The 2020 Castrol Toyota Racing Series was the sixteenth running of the Toyota Racing Series, the premier open-wheel motorsport category held in New Zealand. The series consisted of fifteen races at five meetings. It began on 17 January at Highlands Motorsport Park, in Cromwell, and concluded on 16 February with the 65th running of the New Zealand Grand Prix, at Circuit Chris Amon in Feilding.

Changes

Technical 
In May 2019, the new Tatuus F.3 T-318, nicknamed "FT-60", chassis was revealed to be the chassis used from the 2020 season onwards. The change in chassis will also be accompanied by a new engine. The modified 1.8L Toyota four cylinder 2ZZ-GE production engines that were used since the series' inception will be replaced with a 2.0L turbocharged unit, increasing power output from 200bhp (150kW) to 270bhp (200kW). The top speed of the cars has increased to 250 km/h. The improved aerodynamics mean that the FT-60 is expected to generate around 25% more downforce that its predecessor. The six-speed Sadev paddle-shift sequential will remain.

Tyres 
In July 2019, it was announced that Hankook Tire would become the series' tyre supplier starting from the 2020 season. The new contract stipulates that 1,600 tyres will be brought in for each season, with each driver receiving 17 sets of tyres, with the ability to add a further two sets of wet weather tyres if required. The tyre is of the same specification used in Formula Renault Eurocup and the W Series.
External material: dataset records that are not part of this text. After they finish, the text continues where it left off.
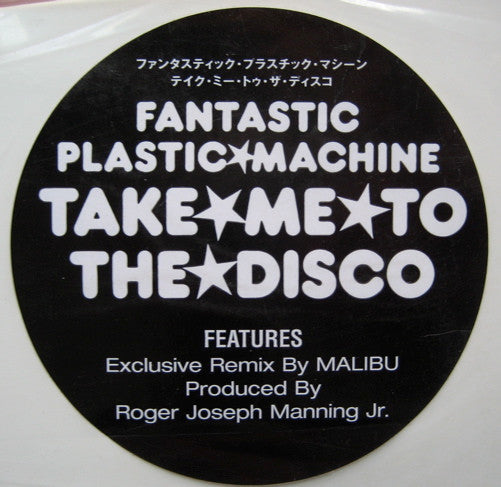 Fantastic Plastic Machine : Take Me To The Disco (12")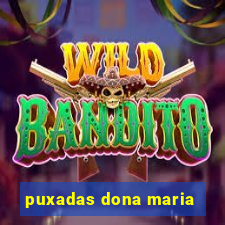 puxadas dona maria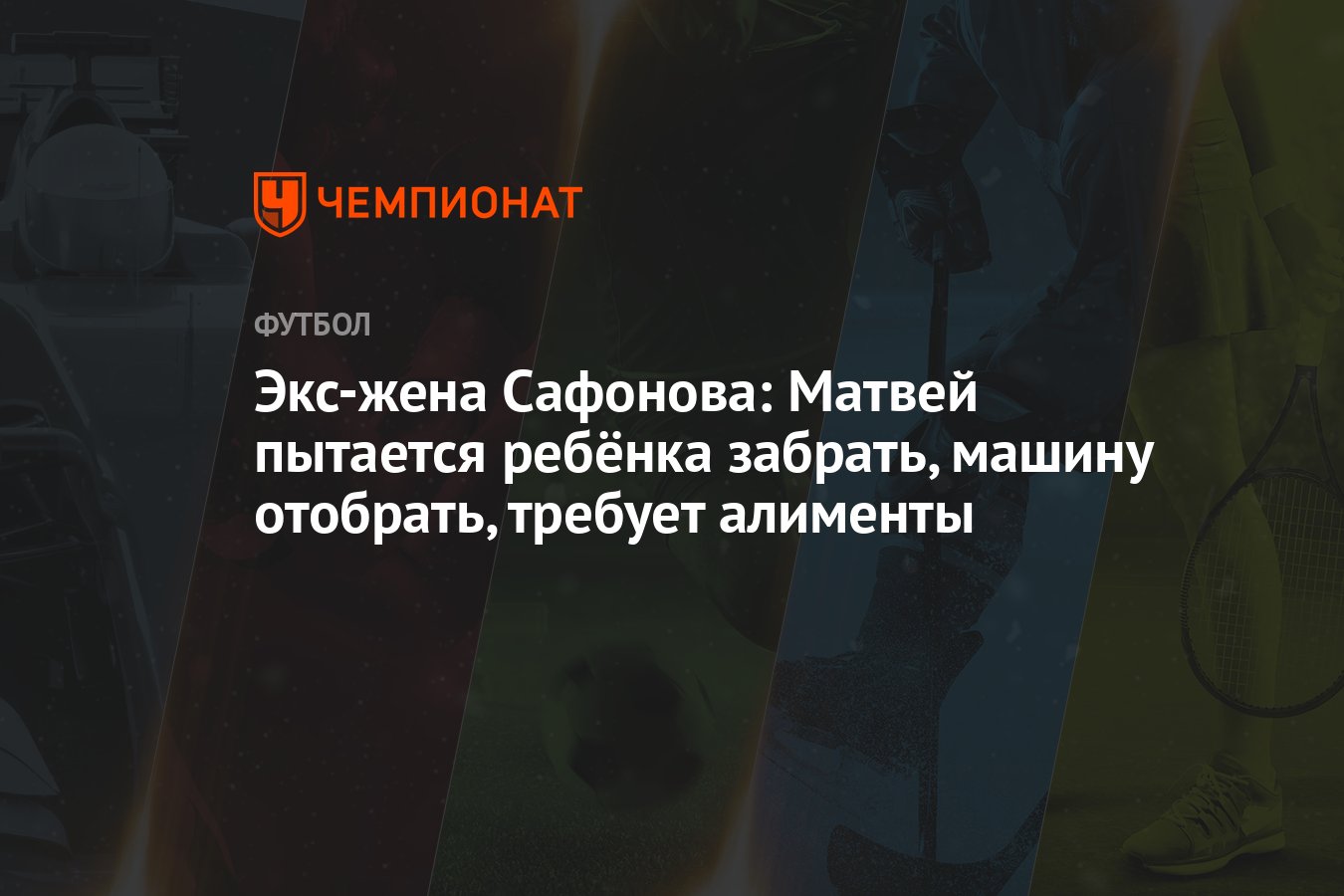 Экс-жена Сафонова: Матвей пытается ребёнка забрать, машину отобрать, требует  алименты - Чемпионат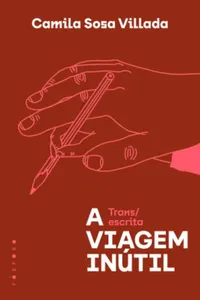 A viagem inútil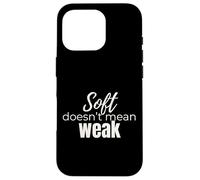 Soft Doesn’t Mean Weak Women’s Self-Care Empowerment Design Case for iPhone 16 Pro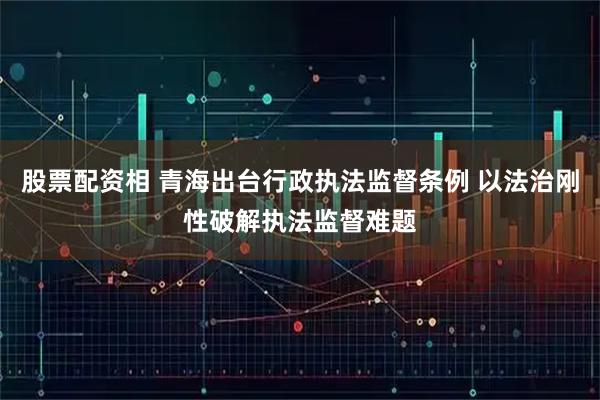 股票配资相 青海出台行政执法监督条例 以法治刚性破解执法监督难题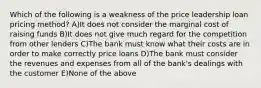 Which of the following is a weakness of the price leadership loan pricing method? A)It does not consider the marginal cost of raising funds B)It does not give much regard for the competition from other lenders C)The bank must know what their costs are in order to make correctly price loans D)The bank must consider the revenues and expenses from all of the bank's dealings with the customer E)None of the above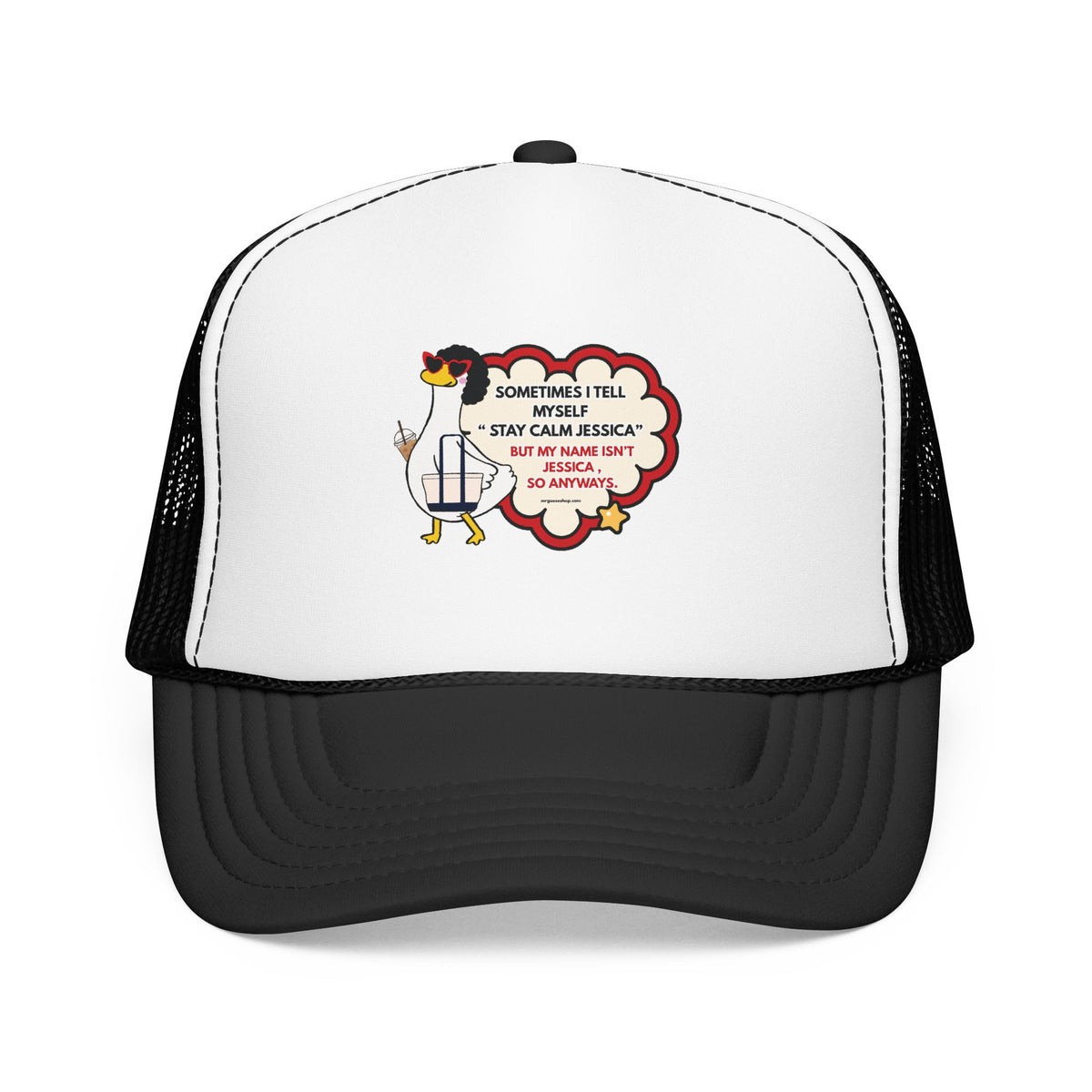 Trucker Hat — “Sometimes I Tell Myself ‘Stay Calm Jessica’” Mesh Foam Cap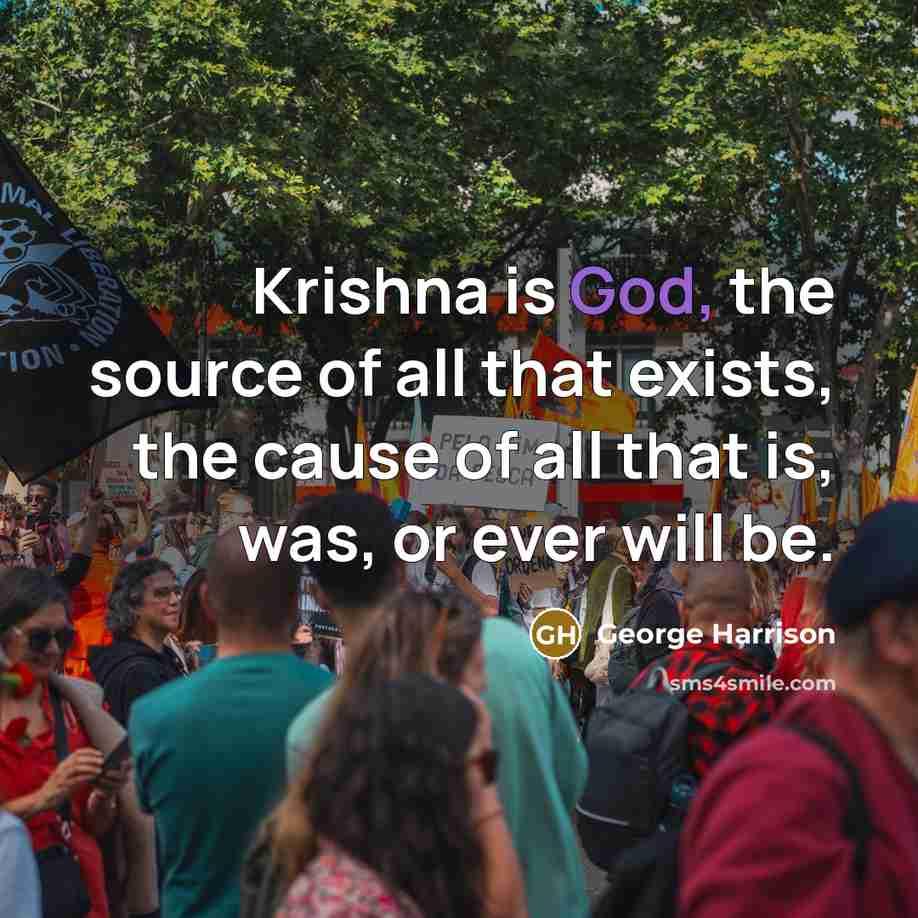 “Krishna is God, the source of all that exists, the cause of all that is, was, or ever will be.” quote by George Harrison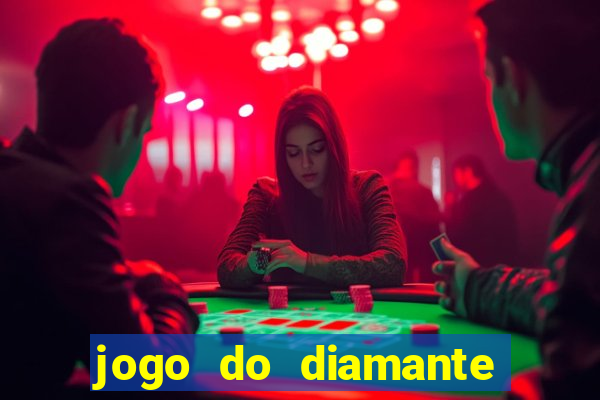 jogo do diamante para ganhar dinheiro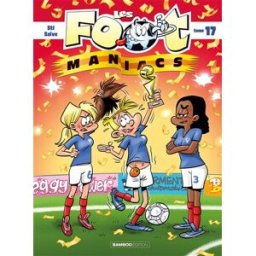 Les foot-maniacs. Vol. 17 Sti, Olivier Saive Bamboo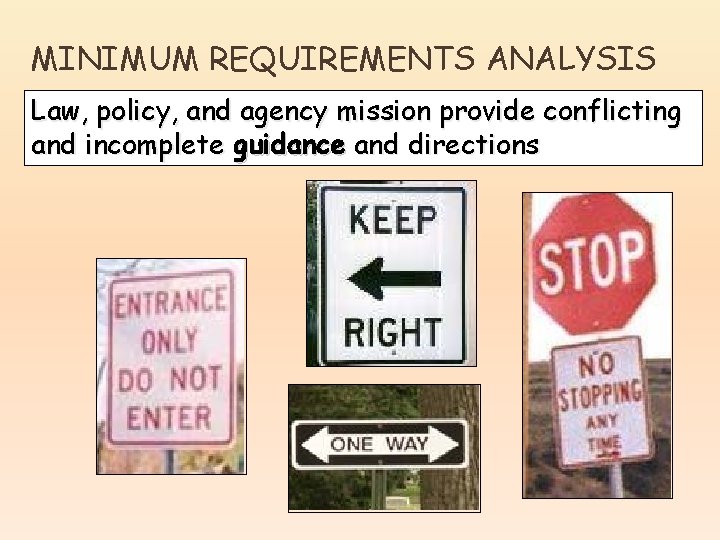 MINIMUM REQUIREMENTS ANALYSIS Law, policy, and agency mission provide conflicting and incomplete guidance and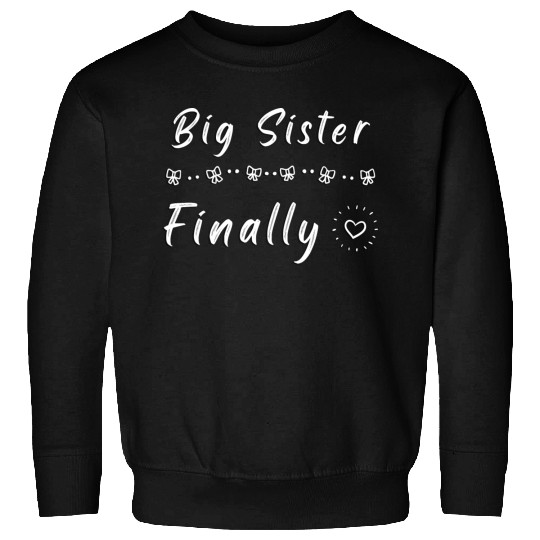 Big Sister Finally Sweatshirts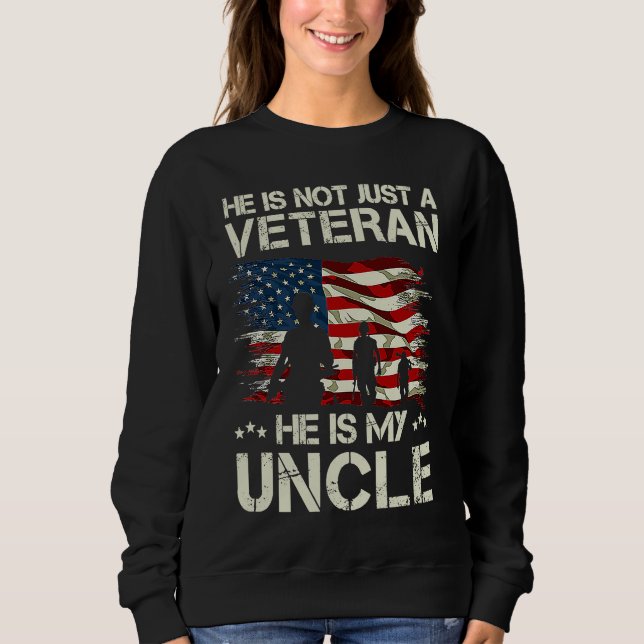 He Is Not Just A Veteran He is My Uncle Proud Uncl Sweatshirt (Vorderseite)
Tyre dimensions will also be changed in conjunction with the changing of supplier; 230/560 for the fronts and 280/580 for the rear.

Teams and drivers 
All teams are based and registered in New Zealand.

Team changes
A joint three-year effort between MTEC Motorsport and France-based R-ace GP will see the latter organization take charge of the race engineering side of the operation starting from the 2020 season.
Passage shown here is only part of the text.